With Microsoft talking more and more about having games that were marketed as Xbox exclusives going to PC some might have started to worry that ALL Xbox exclusives would come to PC eventually. That probably won't be the case
During the Q&A session of at Microsoft's //Build/ 2016 PC Gamer snapped up the question on whether or not Halo 5 would come to PC, and Phil Spencer answered both for Halo 5 and for all games in general.
Phil Spencer said that games would release for the suitable platform, he used the RTS Ashes of the Singularity as an example to show that some games aren't really suitable for consoles even though mouse and keyboard support will come for the Xbox One. His exact words were
"If I enable keyboard and mouse on a console – which we will do – and then you download [Ashes of the Singularity] and you’re playing on a monitor, is that a PC game or a console game? I get out of saying ‘all,’ because I think there are games that people want to play in front of their monitor with a keyboard and mouse, and I want to be somebody that builds those games."
Then Spencer gave a few examples on games that works just fine on both PC and Xbox like Rise of the Tomb Raider, Forza 6, and Quantum Break. But again he was clear that making a game available for both PC and consoles would not be mandatory
"I don’t want to make it some kind of artificial mandate, because then I think we end up with ‘Frankengames’, games that really weren't meant for a certain platform. And because some suit said, ‘Hey, everything’s gotta run on both platforms’, you end up with something people don’t want. You should expect it when franchises look like they belong on both platforms, but I wouldn’t go so far as to say it’s a mandate for the studios because it’s not."
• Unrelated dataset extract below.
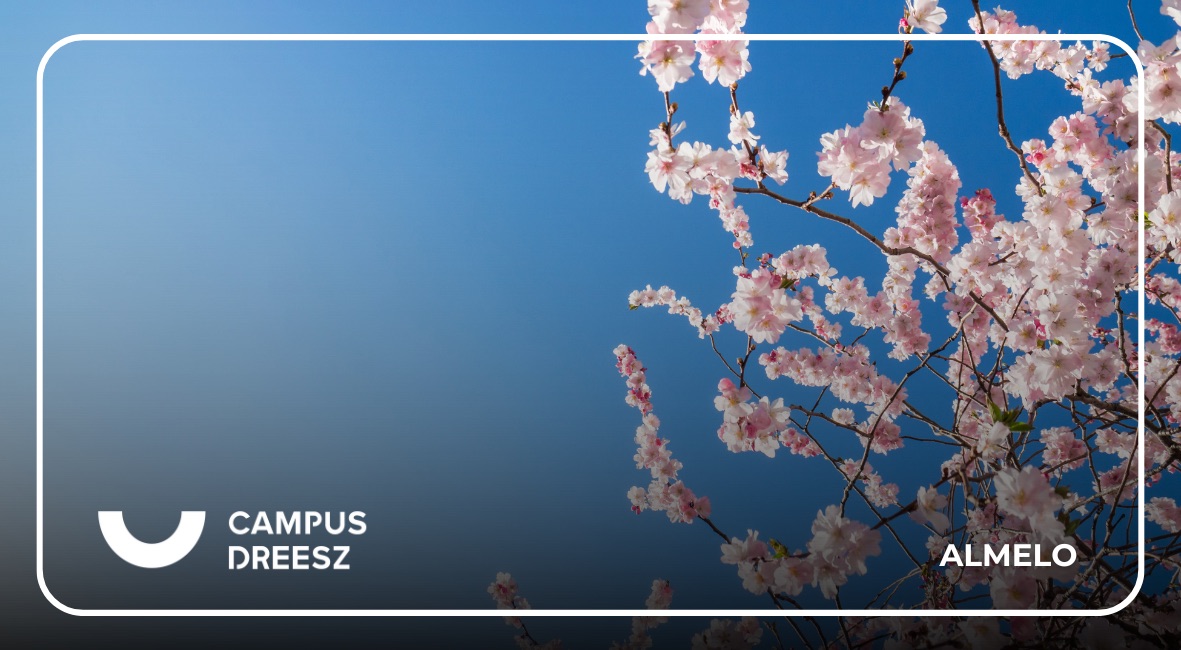 Lentesfeer met bloesem passend bij een moment bij Campus Dreesz in Almelo.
After some more talking Spencer went back to the original question, whether PC gamers would get to play Halo 5 on a PC. Short answer was "no-ish" the longer one was:
"In terms of Halo FPS on PC, I think there’s a ton of opportunity for us right now, but I don’t want to get into a world where we’re looking back, like at Halo 5. It doesn’t mean there’s nothing there that could ever end up on PC, but I’d much rather look forward with what our plans are."
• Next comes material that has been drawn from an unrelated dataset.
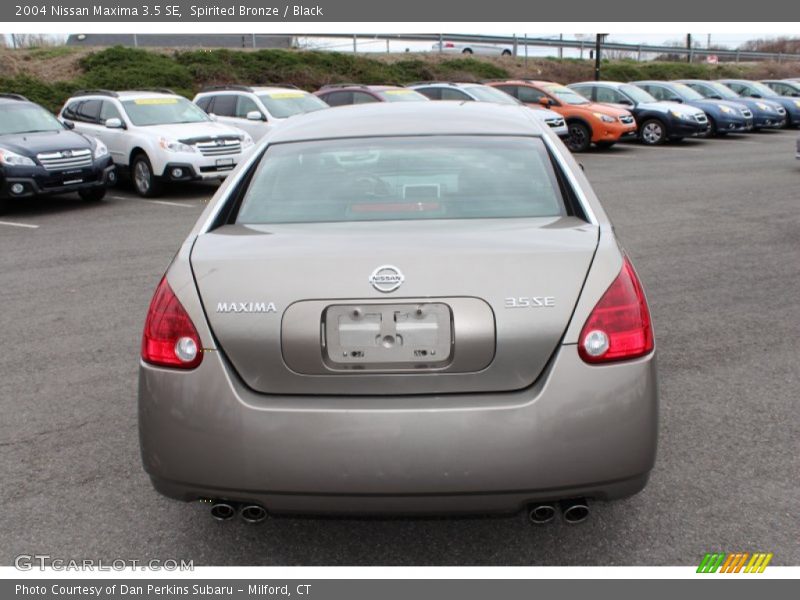 Spirited Bronze / Black 2004 Nissan Maxima 3.5 SE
In my humble opinion it is a good thing that Xbox and Microsoft is looking forward instead of backwards, focusing on making the new games available for both PC and Xbox instead of porting old exclusives. After all, Halo 5 was developed solely for consoles in mind, not a single thought of PC is in the Halo 5 code. The same principle will most likely go for all older Xbox exclusives since they all were made with consoles in mind, not PC.